Data extracts>
____
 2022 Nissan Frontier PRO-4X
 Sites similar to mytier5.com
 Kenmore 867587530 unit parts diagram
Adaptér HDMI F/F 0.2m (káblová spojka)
____
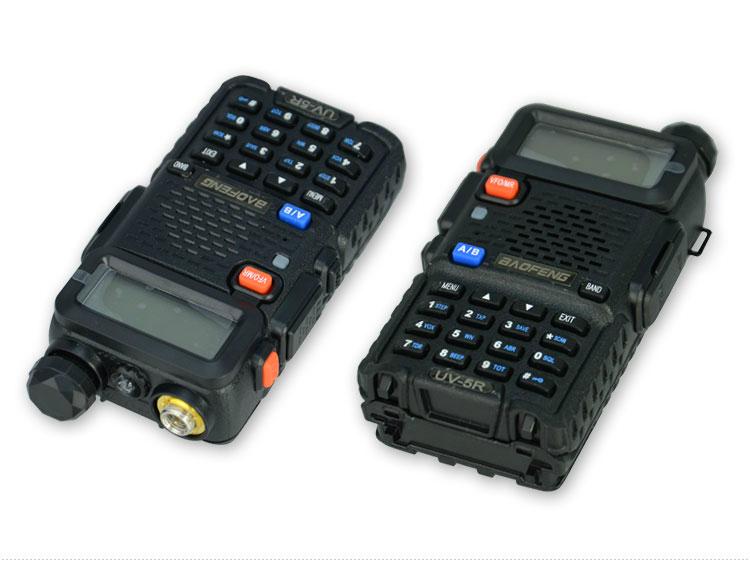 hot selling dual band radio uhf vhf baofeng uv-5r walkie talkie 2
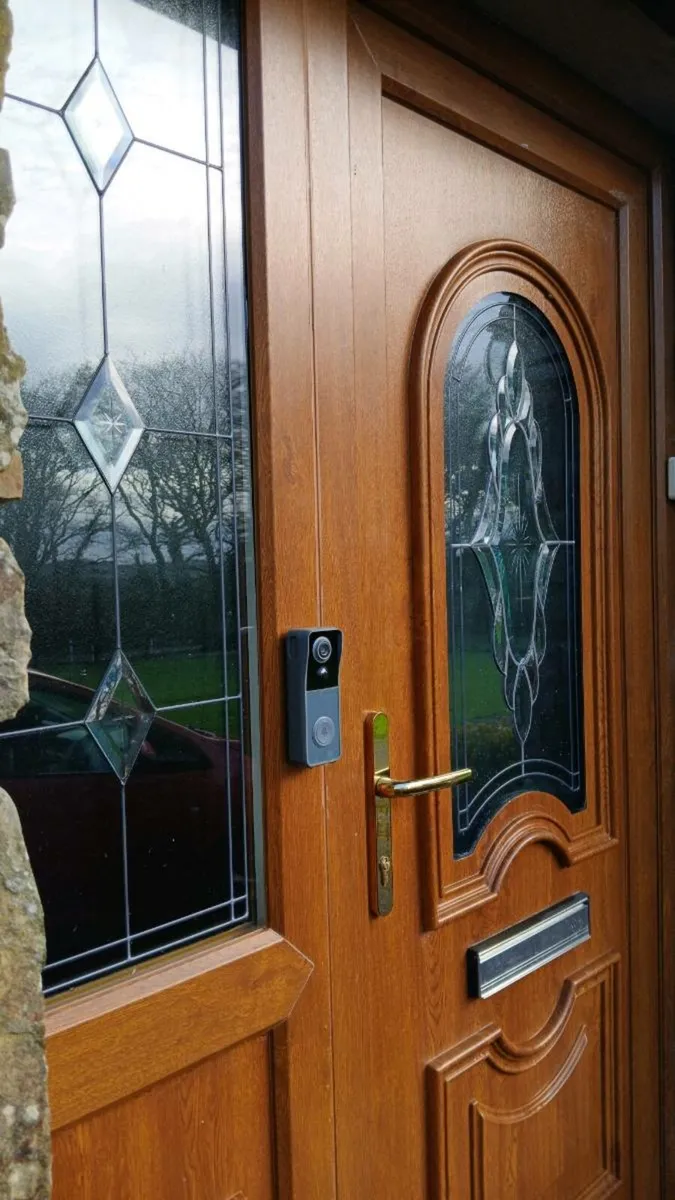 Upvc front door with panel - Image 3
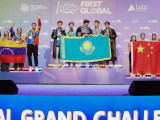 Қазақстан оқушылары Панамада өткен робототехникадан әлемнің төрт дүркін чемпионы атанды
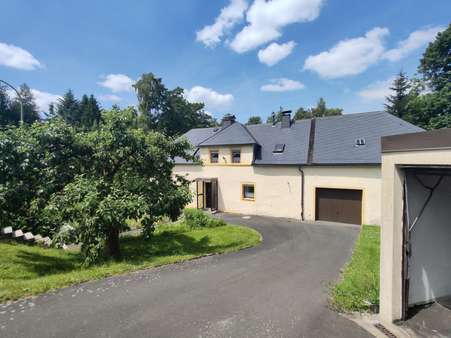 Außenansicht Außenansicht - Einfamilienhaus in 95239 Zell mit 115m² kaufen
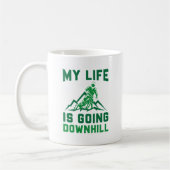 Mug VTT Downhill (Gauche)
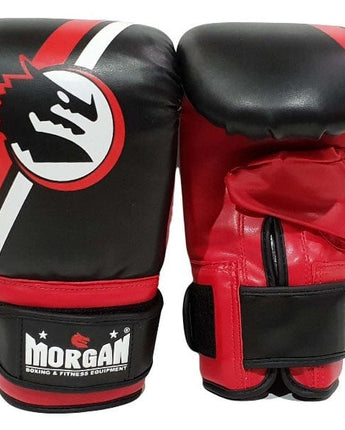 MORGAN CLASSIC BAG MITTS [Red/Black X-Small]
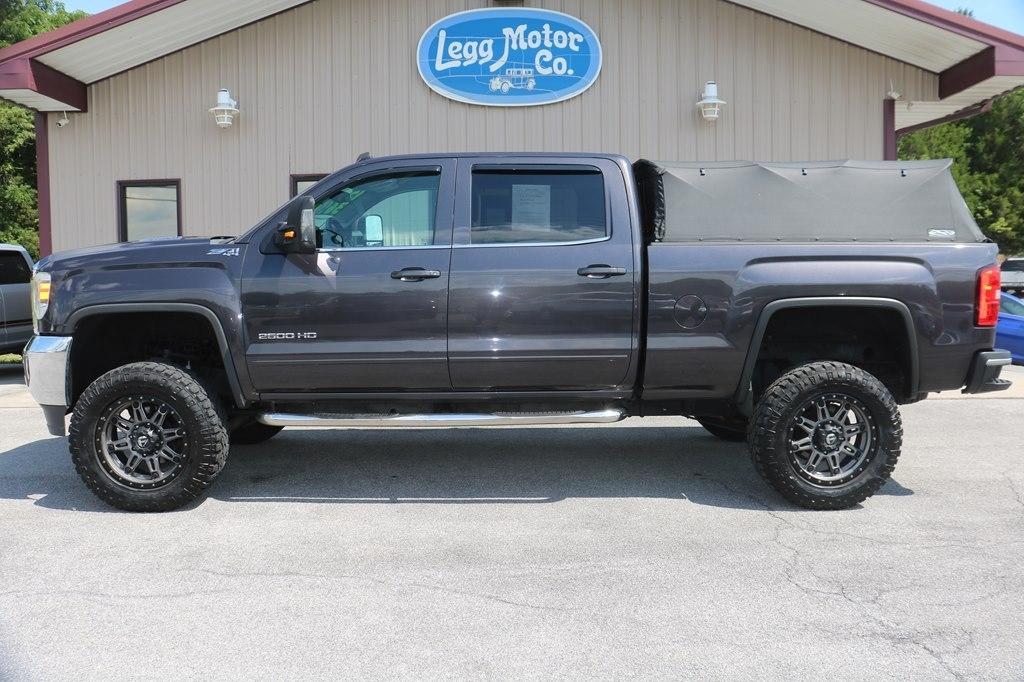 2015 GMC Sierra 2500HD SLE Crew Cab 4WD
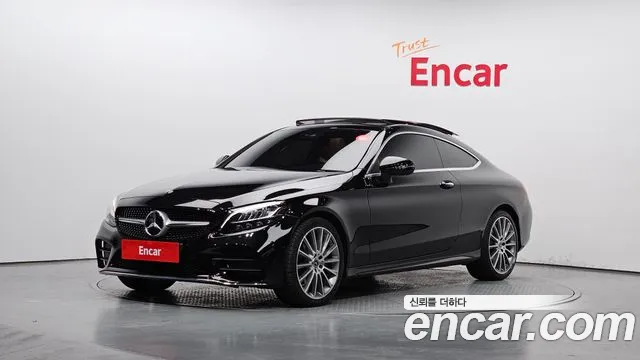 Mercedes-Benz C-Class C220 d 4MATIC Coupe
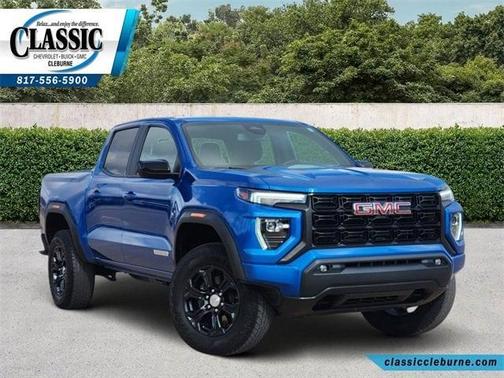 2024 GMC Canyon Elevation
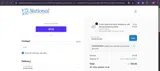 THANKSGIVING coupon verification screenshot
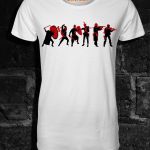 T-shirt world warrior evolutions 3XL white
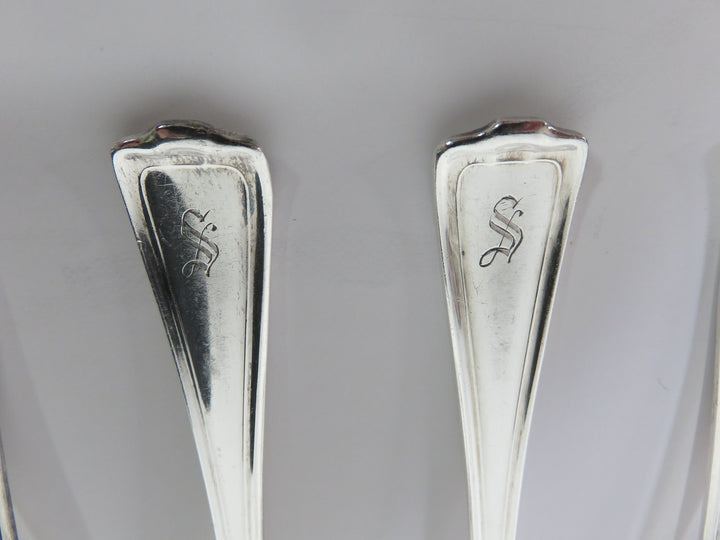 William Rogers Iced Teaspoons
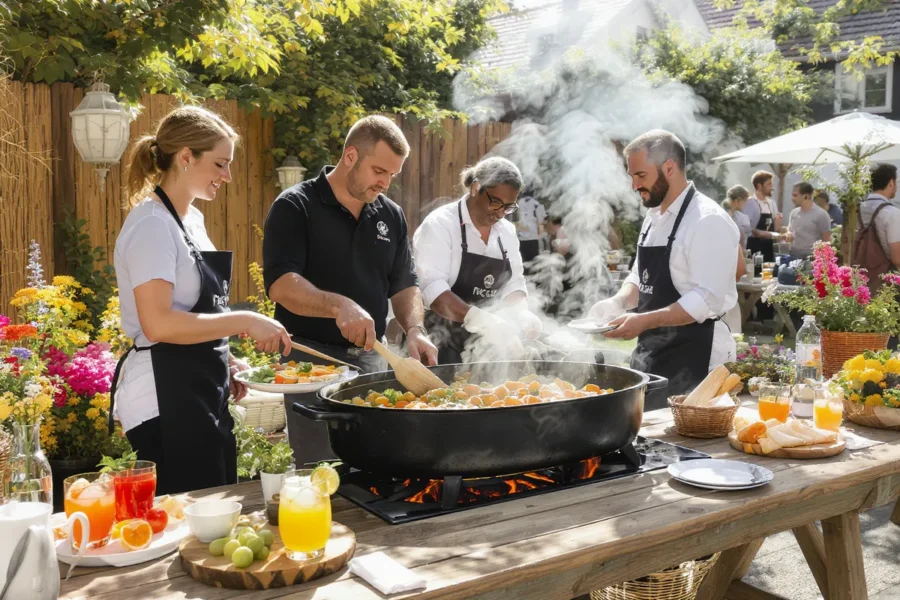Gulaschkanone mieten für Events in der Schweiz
____
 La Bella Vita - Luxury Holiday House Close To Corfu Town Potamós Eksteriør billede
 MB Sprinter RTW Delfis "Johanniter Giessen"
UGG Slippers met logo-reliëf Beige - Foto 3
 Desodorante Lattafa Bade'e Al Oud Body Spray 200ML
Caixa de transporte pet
____
Going by the data above, give back only the lines from the one containing "hot selling dual" through the one containing "Gulaschkanone mieten für", exactly as they stand, both ends included and no images.

Exercise result>
 hot selling dual band radio uhf vhf baofeng uv-5r walkie talkie 2
 Upvc front door with panel - Image 3
 Қазақстан оқушылары Панамада өткен робототехникадан әлемнің төрт дүркін чемпионы атанды
 Außenansicht Außenansicht - Einfamilienhaus in 95239 Zell mit 115m² kaufen
 Mug VTT Downhill (Gauche)
 MORGAN CLASSIC BAG MITTS [Red/Black X-Small]
 2015 GMC Sierra 2500HD SLE Crew Cab 4WD
 Mercedes-Benz C-Class C220 d 4MATIC Coupe
 2024 GMC Canyon Elevation
 THANKSGIVING coupon verification screenshot
 T-shirt world warrior evolutions 3XL white
 William Rogers Iced Teaspoons
Gulaschkanone mieten für Events in der Schweiz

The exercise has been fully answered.